1977 yılıydı. Beşiktaş Türkiye Liginde hem mücadele ediyor, hem de para-pul işleriyle uğraşıyordu. Kulüp tam bir çıkmaza girmişti. O zaman kulüp başkanı Gazi Akınal'dı. Gazi bey son derece dürüst ve sıkı bir Beşiktaşlıydı. Büyük çabalar sarf ediyor ve para bulmaya çalışıyordu.
Sonra kulüp ileri gelenleri bir araya geldiler ve bir kampanya başlattılar.
'Kibrit çak' kampanyası.
Birçok zengin Beşiktaşlı bu kampanyanın ucundan tuttu.
Tutanlardan biri Rahmi Koç, diğeri de Erdoğan Demirören'di.
Büyük paralar verdiler. Beşiktaş bu kampanya ile başını kaldırabildi.
Ama bu da yetmezdi.
Aradan yıllar geçti. Beşiktaş başkanlığına Süleyman Seba seçildi. Yani 1982.
Süleyman Seba devlet memuruydu. Devletin verdiği maaşla geçiniyordu. Parasızdı. Ama müthiş bir yönetme, yönlendirme yeteneği vardı.
Vakur ve gururluydu. Sertti. Pek taviz vermezdi. Ama yumuşak bir karnı ve vicdanı vardı. Sevmeyeni yoktu.
Süleyman Seba ile Beşiktaş tırmanışa geçti. Şampiyonluklar gelmeye başladı.
İşte kimsenin hala unutamadığı; Metin-Ali-Feyyaz üçlüsü o döneme damga vurmuş futbolcularıydı.
Beşiktaş'a sonra nice başkanlar geldi. Büyük atılımlar yapıldı. Ama hiçbiri bir Süleyman Seba olmadı, olamadı.
Şimdi Beşiktaş bu sezona rakiplerinin biraz gerisinde transfer yaparak başladı.
Başkan Ahmet Nur Çebi biraz Süleyman Seba'yı andırıyordu. Para harcamak ve çizmeyi aşmak istemiyordu. Ama yürümedi. Taraftar mırıldanmaya başladı. Bunun üzerine biraz 'gaza' baştı.
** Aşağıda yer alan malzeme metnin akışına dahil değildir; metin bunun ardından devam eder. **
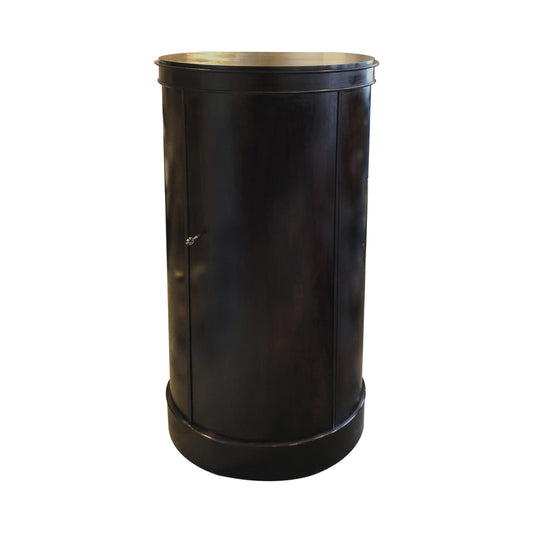 A rosewood cylinder pedestal cabinet, Danish mid-century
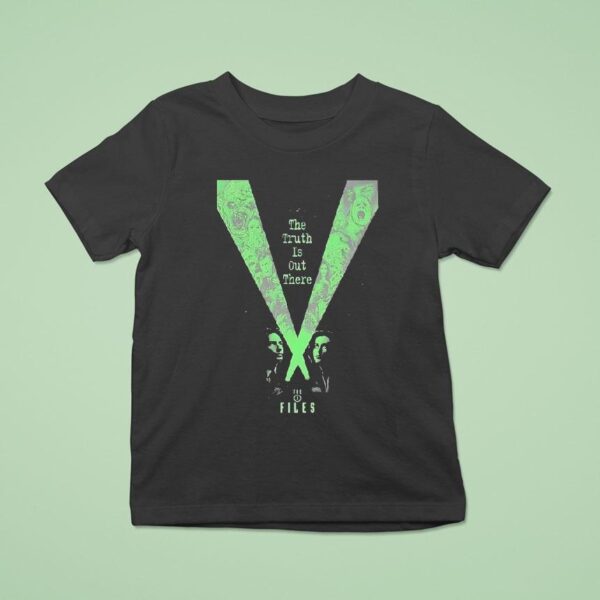 X Files The Truth Is Out There Ufo Conspiracy T Shirt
Galatasaray'ın elinden alınan Rashisa'lar İngiltere'den gelen Chamberlaın'lar Rebiç'ler, CSKA Moskova'nın Kazak yıldızı Bahtıyar'lar ile takım toparlandı.
Sakatlar da (Ghezzal) iyileşince Beşiktaş'lıların özlediği takım ortaya çıktı.
Galatasaray gücüne güç kattı.
Fenerbahçe bu kez nokta transferlerle yeni bir takım kurdu.
Şimdi Şenol Güneş gibi az hata yapan, tradiyonel (gelenekçi) bir hocaya sahip Beşiktaş, Avrupa kupalarında da doludizgin gidiyor.
Umudumuz Beşiktaş'ın en azından rakiplerinden geri kalmayacağı ortada.
Başarılar Beşiktaş.
NOT: Galatasaray kulübü yurdun birçok yerinde alt yapı için okullar kuruyor. Silivri de bunlardan bir tanesi. Bu okulun başında Galatasaraylı İlhami Çiftçi var.
İlhami Çiftçi bu okulda küçükleri her gün 10.00--13.00 arası eğitip birer yıldız olmaları için çaba harcıyor.
Çiftçi daha sonra bu çocukları Florya'daki akademiye gönderiyor.
Daha yeni üç gencimizi Florya'ya göndermiş. Bravo İlhami Çiftçi!
Türkiye'nin senin gibi hocalara ihtiyacı var.